What the exercise asks:
Of all the entries below, only the lines from the one with "inci ve üstündeki Beyaz" up to and including the one with "Apartment Black&White - Entrecampos Lisbon" are to be duplicated exactly.

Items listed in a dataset

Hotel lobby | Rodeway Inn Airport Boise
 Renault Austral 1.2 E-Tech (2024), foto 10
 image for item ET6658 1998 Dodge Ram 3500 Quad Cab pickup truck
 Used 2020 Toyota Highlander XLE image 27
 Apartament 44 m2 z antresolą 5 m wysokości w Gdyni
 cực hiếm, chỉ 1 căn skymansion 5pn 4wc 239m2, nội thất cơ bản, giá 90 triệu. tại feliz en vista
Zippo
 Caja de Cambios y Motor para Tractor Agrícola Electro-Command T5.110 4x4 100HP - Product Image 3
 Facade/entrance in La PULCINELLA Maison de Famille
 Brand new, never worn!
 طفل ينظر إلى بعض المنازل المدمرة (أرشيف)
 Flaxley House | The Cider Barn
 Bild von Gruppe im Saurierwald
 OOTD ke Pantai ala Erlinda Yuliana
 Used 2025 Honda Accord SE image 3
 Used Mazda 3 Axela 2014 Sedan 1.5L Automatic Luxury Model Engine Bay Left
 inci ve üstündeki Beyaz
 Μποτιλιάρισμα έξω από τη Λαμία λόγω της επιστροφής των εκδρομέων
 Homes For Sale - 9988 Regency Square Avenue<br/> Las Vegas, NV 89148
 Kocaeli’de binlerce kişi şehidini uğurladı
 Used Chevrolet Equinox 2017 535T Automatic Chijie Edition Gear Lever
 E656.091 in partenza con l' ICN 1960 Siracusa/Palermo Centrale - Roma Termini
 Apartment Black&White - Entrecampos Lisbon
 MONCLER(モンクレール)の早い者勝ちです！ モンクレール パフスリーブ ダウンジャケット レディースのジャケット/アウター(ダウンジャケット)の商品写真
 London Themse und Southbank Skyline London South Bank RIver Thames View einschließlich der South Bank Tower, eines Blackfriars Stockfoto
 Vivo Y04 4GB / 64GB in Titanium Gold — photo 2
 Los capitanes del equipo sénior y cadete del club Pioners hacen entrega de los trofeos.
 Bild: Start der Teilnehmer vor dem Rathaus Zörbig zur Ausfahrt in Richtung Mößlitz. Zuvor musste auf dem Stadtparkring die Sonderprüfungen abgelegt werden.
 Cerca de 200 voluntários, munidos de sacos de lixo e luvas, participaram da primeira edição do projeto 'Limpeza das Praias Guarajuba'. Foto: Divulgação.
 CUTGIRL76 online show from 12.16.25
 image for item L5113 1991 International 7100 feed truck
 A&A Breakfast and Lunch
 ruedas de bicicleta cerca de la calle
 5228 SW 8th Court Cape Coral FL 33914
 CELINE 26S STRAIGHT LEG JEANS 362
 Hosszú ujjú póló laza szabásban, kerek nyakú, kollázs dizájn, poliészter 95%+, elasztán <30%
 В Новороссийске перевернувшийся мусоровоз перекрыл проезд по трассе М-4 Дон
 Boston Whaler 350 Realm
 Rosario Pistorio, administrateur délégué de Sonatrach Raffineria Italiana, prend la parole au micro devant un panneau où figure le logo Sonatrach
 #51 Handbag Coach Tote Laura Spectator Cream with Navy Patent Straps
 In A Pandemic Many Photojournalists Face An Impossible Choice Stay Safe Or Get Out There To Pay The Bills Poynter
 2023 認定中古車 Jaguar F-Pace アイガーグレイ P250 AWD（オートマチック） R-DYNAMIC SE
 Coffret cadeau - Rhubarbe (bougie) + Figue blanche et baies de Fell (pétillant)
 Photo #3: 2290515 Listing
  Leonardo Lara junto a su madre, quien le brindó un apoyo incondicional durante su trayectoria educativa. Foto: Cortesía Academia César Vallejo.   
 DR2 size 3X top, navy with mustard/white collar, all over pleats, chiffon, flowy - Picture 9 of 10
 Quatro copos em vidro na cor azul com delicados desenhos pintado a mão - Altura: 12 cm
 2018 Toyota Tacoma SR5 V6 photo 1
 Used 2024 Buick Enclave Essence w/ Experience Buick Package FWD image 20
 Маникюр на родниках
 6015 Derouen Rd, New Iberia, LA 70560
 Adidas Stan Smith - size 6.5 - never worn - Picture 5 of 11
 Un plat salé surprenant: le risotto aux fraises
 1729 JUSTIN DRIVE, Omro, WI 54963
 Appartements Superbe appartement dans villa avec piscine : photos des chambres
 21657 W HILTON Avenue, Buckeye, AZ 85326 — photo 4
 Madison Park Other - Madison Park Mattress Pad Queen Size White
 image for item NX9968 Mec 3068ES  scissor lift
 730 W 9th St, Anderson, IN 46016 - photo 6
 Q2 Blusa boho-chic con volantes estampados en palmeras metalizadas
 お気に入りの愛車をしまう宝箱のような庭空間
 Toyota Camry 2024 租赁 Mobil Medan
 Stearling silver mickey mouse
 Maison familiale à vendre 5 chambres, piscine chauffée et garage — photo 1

Answer to this problem:
 inci ve üstündeki Beyaz
 Μποτιλιάρισμα έξω από τη Λαμία λόγω της επιστροφής των εκδρομέων
 Homes For Sale - 9988 Regency Square Avenue<br/> Las Vegas, NV 89148
 Kocaeli’de binlerce kişi şehidini uğurladı
 Used Chevrolet Equinox 2017 535T Automatic Chijie Edition Gear Lever
 E656.091 in partenza con l' ICN 1960 Siracusa/Palermo Centrale - Roma Termini
 Apartment Black&White - Entrecampos Lisbon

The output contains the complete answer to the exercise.